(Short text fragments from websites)
------------------------------------

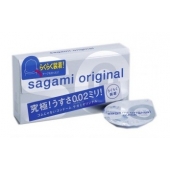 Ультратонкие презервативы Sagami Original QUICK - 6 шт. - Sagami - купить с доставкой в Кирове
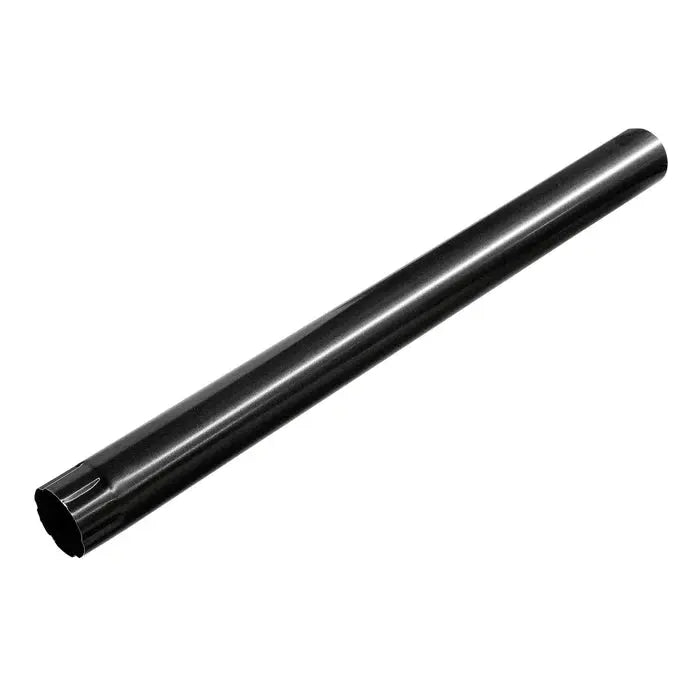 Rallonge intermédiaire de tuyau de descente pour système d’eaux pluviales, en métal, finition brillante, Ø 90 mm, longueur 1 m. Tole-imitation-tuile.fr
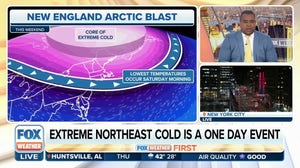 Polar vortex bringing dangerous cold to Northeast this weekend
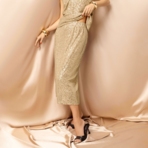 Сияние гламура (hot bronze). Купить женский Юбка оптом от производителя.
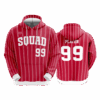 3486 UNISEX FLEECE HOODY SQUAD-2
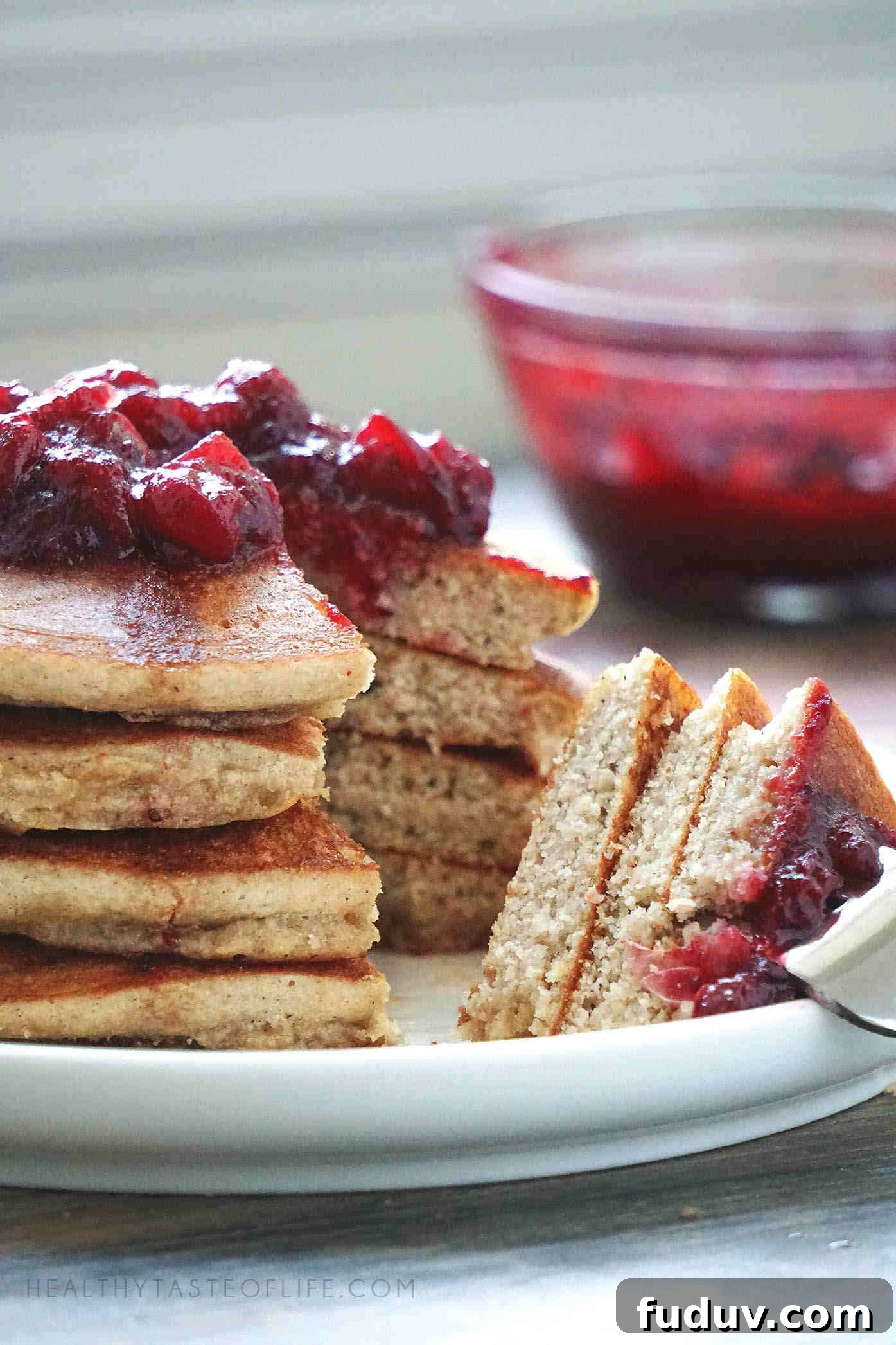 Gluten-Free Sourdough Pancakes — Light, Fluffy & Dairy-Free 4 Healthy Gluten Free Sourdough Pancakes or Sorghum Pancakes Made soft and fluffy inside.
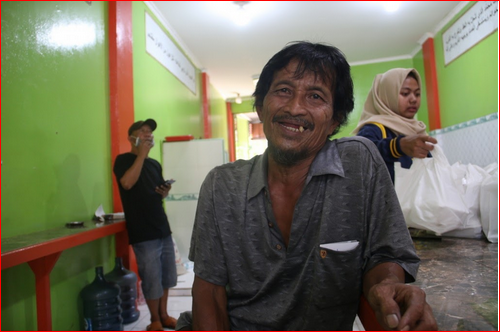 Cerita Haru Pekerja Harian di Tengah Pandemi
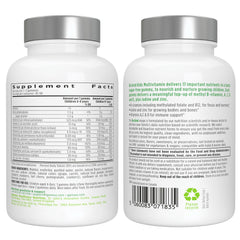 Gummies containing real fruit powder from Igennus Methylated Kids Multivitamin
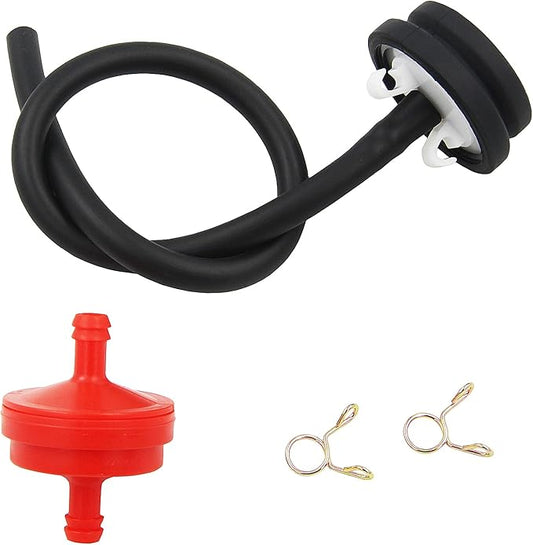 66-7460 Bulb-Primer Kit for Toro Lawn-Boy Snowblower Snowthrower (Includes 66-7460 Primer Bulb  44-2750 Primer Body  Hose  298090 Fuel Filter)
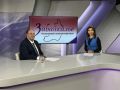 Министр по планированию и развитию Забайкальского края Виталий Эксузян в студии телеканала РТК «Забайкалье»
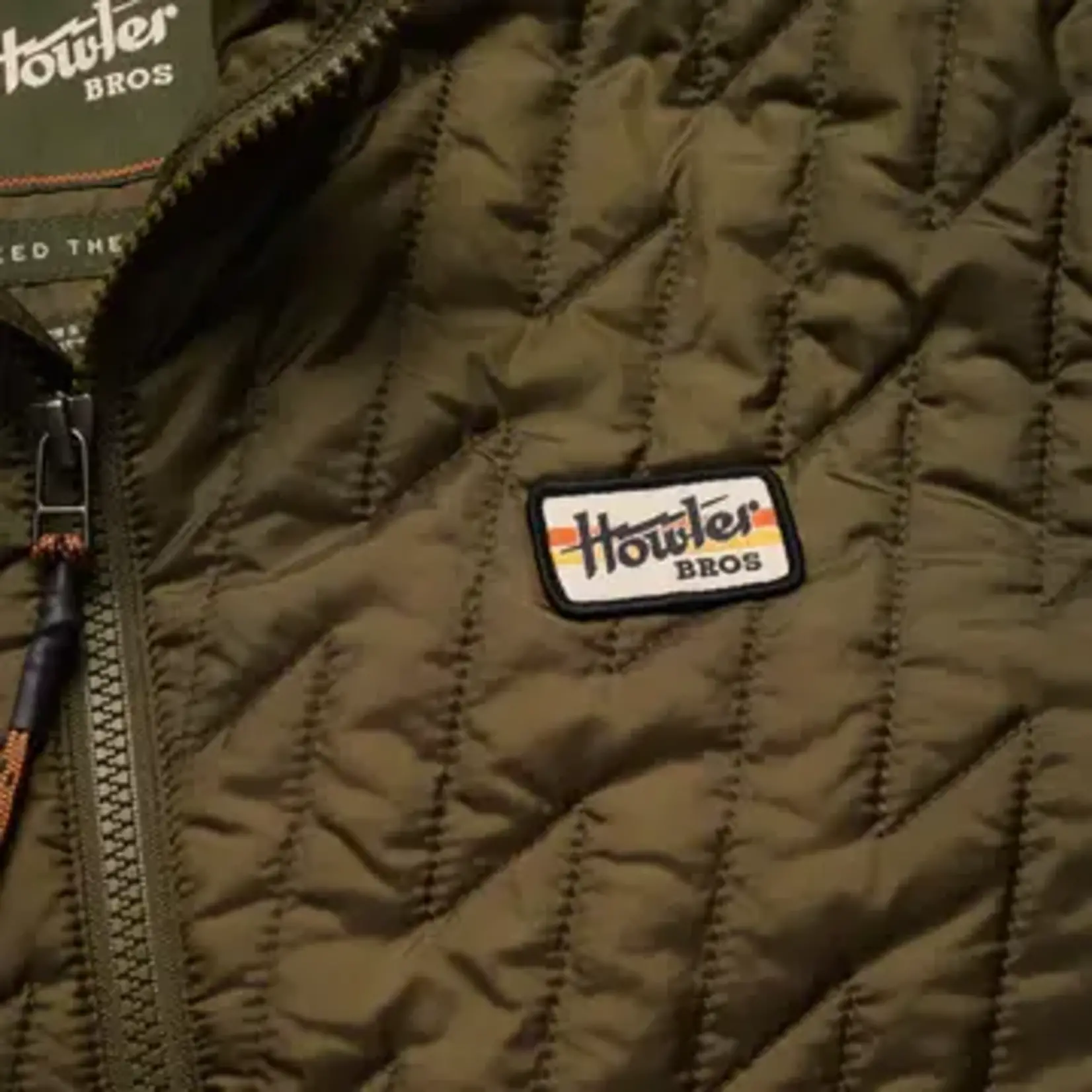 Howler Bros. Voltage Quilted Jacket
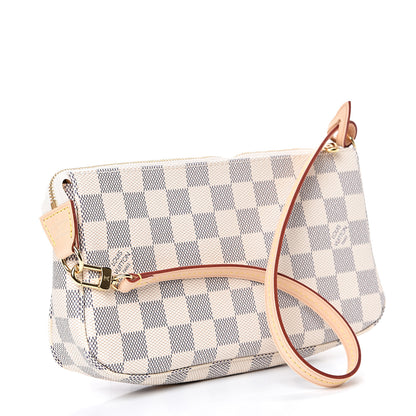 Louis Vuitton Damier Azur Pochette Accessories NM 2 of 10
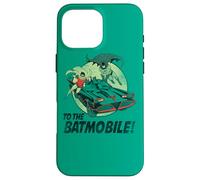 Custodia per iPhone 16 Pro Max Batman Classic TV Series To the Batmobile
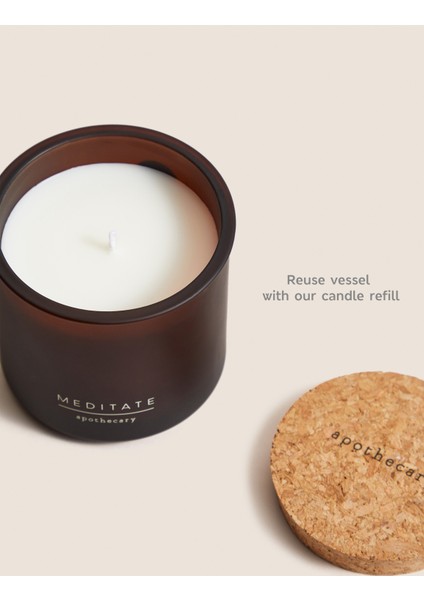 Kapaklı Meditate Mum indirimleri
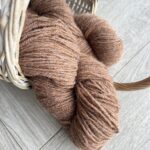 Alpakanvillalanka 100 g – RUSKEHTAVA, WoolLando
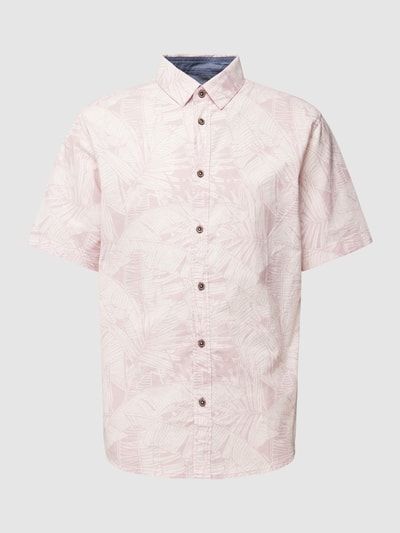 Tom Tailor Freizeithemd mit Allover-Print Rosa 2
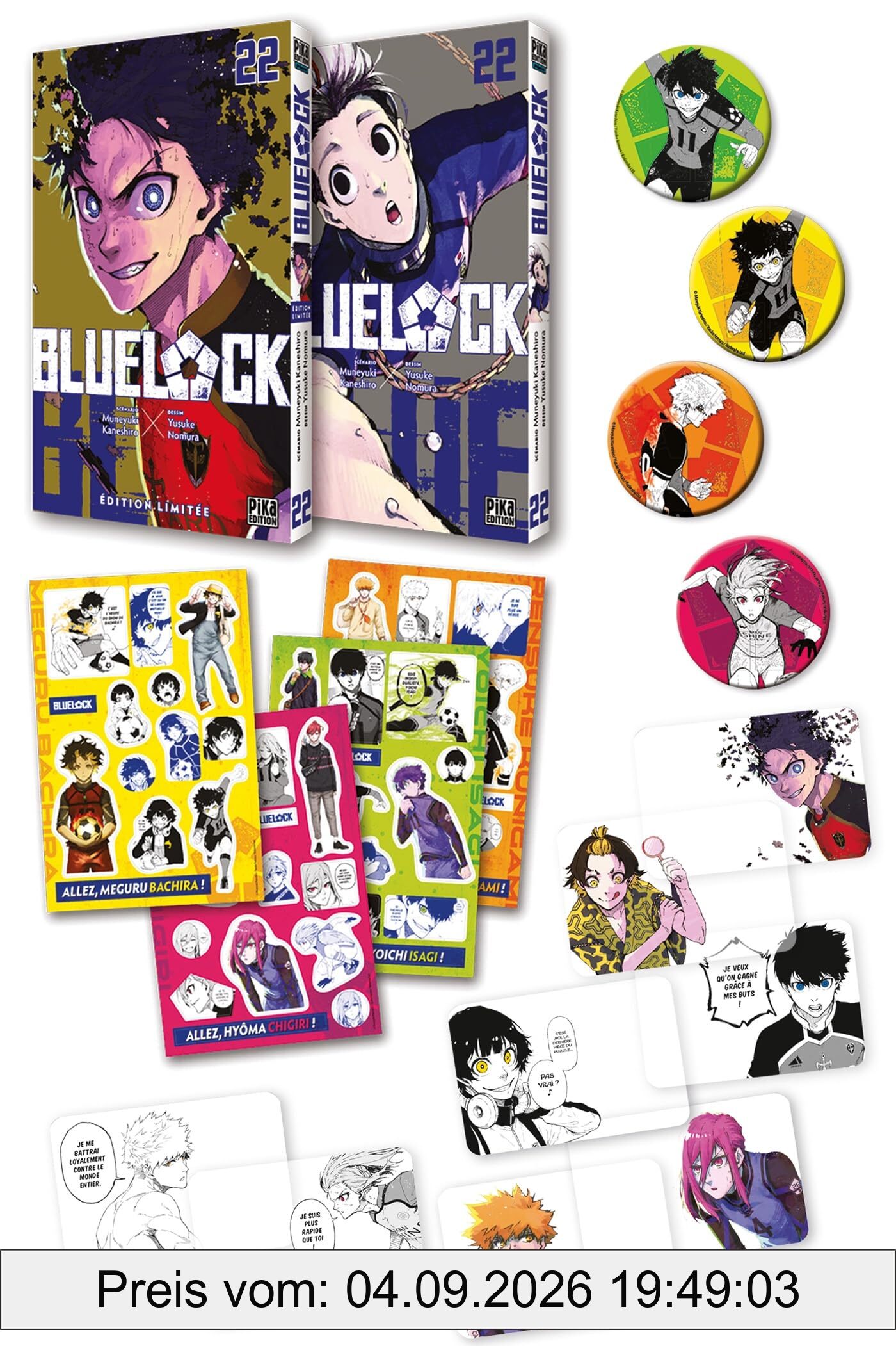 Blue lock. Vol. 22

------------------------------------

What to produce
Your reply should consist solely of the lines above, from the opening line through the line with "Polar vortex bringing", reproduced exactly and without pictures.

Exercise result
 Ультратонкие презервативы Sagami Original QUICK - 6 шт. - Sagami - купить с доставкой в Кирове
 Rallonge intermédiaire de tuyau de descente pour système d’eaux pluviales, en métal, finition brillante, Ø 90 mm, longueur 1 m. Tole-imitation-tuile.fr
 Polar vortex bringing dangerous cold to Northeast this weekend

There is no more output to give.